[Image-caption web data]
Start of Block

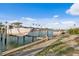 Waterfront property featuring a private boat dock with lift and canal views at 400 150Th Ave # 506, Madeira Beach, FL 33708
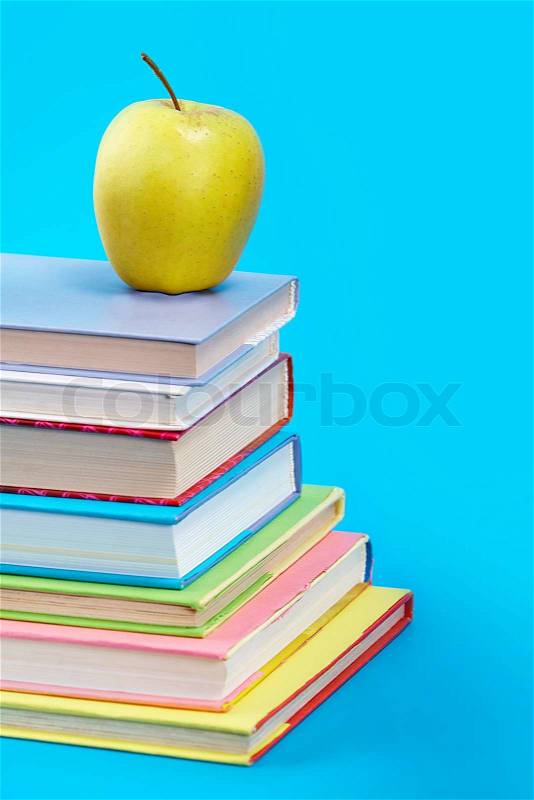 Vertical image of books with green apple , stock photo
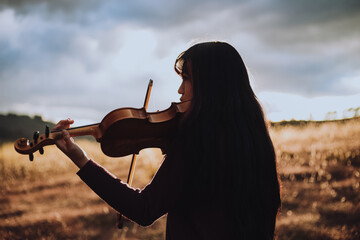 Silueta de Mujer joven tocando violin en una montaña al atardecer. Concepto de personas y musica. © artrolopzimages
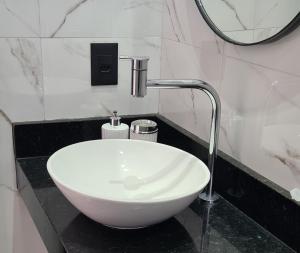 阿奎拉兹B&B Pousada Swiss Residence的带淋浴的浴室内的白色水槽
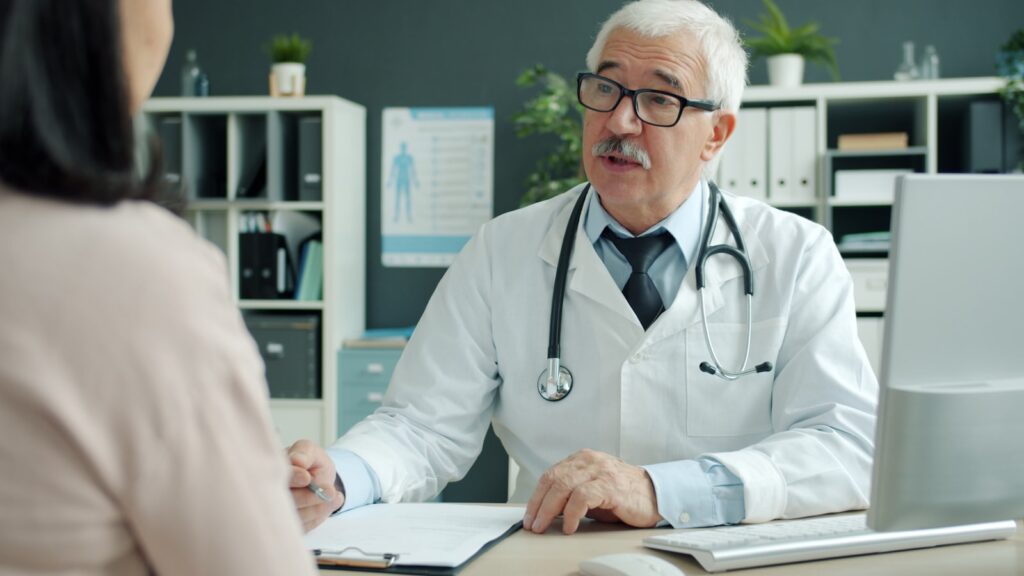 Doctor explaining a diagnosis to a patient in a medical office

End of Block

● Aim of the exercise: Transcribe all entries above exactly. Drop the pictures.

● Expected answer:
 Waterfront property featuring a private boat dock with lift and canal views at 400 150Th Ave # 506, Madeira Beach, FL 33708
 Vertical image of books with green apple , stock photo
 Silueta de Mujer joven tocando violin en una montaña al atardecer. Concepto de personas y musica. © artrolopzimages
 阿奎拉兹B&B Pousada Swiss Residence的带淋浴的浴室内的白色水槽
 Doctor explaining a diagnosis to a patient in a medical office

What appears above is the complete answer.